● Exercise:
Your response should be the lines from the one holding "4108 Lyons Street photo 9" to the last line of the data below, copied exactly and with no additions.

***** Records to use *****

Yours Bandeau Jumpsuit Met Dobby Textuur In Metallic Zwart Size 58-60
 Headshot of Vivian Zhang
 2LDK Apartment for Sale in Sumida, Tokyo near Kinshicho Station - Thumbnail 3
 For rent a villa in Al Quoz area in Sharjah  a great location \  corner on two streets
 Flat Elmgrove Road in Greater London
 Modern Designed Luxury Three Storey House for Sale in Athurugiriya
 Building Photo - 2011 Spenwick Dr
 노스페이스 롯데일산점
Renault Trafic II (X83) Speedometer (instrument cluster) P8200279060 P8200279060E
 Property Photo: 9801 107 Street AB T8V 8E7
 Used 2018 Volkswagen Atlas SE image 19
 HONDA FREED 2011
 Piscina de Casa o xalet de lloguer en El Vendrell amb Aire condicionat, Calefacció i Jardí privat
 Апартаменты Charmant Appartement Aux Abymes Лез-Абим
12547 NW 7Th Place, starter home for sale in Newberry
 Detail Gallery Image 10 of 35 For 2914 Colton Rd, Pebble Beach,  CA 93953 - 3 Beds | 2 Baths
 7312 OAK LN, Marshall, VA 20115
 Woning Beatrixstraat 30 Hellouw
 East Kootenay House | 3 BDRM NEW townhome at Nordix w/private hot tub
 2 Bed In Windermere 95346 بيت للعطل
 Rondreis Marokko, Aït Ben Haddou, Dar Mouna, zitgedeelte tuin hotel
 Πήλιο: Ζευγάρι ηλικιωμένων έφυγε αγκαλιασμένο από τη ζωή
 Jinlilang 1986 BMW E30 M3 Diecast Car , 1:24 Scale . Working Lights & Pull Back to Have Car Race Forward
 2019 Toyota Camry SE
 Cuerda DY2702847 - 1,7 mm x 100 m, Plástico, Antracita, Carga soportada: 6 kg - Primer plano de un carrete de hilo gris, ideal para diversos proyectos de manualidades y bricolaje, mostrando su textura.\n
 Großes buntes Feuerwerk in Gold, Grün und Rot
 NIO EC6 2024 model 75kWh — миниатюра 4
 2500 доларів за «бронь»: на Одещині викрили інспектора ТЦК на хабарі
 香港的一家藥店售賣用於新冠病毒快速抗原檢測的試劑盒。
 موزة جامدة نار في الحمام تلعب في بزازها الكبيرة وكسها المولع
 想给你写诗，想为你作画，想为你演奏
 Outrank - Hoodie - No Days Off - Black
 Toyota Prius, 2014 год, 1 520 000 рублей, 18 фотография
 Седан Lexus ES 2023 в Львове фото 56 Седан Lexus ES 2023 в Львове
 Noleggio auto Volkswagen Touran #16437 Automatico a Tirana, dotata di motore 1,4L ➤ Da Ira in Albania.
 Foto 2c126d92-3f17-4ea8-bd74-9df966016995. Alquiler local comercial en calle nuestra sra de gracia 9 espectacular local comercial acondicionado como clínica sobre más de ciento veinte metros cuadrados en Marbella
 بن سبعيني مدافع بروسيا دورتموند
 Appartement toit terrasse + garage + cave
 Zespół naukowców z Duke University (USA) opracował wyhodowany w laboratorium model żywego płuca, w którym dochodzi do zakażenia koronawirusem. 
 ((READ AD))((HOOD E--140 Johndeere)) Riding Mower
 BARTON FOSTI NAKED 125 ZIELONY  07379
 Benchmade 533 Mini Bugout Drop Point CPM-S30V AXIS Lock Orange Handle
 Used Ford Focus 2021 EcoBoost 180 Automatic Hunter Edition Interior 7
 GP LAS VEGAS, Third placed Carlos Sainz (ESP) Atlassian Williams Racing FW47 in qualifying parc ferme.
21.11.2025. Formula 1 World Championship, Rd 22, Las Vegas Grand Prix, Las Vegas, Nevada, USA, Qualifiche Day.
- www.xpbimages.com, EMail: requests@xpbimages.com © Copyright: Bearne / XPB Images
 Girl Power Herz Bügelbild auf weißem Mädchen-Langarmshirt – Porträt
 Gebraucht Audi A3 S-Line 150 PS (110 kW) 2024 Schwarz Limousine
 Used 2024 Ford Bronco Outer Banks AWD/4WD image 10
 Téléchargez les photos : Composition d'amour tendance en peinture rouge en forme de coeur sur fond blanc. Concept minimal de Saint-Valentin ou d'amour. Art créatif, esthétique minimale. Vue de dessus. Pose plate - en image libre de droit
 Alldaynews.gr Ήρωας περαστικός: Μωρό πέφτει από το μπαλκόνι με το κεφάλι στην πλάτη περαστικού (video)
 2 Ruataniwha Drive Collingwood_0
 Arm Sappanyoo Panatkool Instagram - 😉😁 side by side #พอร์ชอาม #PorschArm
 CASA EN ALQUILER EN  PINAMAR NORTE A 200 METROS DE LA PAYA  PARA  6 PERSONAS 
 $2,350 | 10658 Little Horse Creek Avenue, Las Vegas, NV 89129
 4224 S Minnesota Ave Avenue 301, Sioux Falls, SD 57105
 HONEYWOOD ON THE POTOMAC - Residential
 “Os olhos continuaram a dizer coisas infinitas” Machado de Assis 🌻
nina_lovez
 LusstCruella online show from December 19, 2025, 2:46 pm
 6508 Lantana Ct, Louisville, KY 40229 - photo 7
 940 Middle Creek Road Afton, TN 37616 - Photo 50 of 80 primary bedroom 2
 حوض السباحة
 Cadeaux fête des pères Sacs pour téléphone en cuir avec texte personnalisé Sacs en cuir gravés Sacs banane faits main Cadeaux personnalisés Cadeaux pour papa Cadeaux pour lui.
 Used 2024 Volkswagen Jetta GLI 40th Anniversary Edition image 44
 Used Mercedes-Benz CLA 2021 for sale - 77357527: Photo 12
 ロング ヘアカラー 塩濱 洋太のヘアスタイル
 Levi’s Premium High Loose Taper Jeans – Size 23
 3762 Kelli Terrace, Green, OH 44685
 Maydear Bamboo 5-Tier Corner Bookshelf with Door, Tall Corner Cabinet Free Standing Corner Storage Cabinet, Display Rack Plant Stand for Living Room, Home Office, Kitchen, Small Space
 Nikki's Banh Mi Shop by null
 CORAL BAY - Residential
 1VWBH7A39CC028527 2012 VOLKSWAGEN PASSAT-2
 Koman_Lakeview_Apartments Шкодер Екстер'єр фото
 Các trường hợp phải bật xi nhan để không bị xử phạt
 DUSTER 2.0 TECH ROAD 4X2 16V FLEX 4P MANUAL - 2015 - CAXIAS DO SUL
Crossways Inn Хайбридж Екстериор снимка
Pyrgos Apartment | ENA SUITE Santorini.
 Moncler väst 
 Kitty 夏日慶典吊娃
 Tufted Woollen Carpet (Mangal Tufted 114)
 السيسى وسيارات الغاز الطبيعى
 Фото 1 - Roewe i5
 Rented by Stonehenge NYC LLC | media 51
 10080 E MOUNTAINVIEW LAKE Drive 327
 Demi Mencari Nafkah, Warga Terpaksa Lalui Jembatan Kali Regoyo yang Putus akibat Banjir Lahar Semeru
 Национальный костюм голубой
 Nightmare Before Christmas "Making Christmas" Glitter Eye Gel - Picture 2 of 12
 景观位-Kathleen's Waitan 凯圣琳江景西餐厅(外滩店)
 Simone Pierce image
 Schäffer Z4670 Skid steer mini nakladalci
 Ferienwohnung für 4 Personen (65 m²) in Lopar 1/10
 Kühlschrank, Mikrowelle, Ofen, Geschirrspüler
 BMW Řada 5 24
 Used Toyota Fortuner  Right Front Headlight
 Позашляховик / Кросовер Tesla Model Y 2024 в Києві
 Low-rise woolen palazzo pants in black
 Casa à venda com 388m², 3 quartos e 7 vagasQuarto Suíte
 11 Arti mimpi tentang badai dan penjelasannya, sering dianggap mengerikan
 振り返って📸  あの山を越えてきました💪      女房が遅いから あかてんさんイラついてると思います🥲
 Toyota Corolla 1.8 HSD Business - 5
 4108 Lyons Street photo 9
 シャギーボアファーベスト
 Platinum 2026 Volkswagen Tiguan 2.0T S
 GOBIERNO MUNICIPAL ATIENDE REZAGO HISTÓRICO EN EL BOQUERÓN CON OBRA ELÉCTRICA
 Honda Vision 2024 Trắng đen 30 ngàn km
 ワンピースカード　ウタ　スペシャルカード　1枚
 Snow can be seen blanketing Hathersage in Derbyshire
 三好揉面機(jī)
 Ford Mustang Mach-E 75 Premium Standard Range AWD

*****

● Your solution:
 4108 Lyons Street photo 9
 シャギーボアファーベスト
 Platinum 2026 Volkswagen Tiguan 2.0T S
 GOBIERNO MUNICIPAL ATIENDE REZAGO HISTÓRICO EN EL BOQUERÓN CON OBRA ELÉCTRICA
 Honda Vision 2024 Trắng đen 30 ngàn km
 ワンピースカード　ウタ　スペシャルカード　1枚
 Snow can be seen blanketing Hathersage in Derbyshire
 三好揉面機(jī)
 Ford Mustang Mach-E 75 Premium Standard Range AWD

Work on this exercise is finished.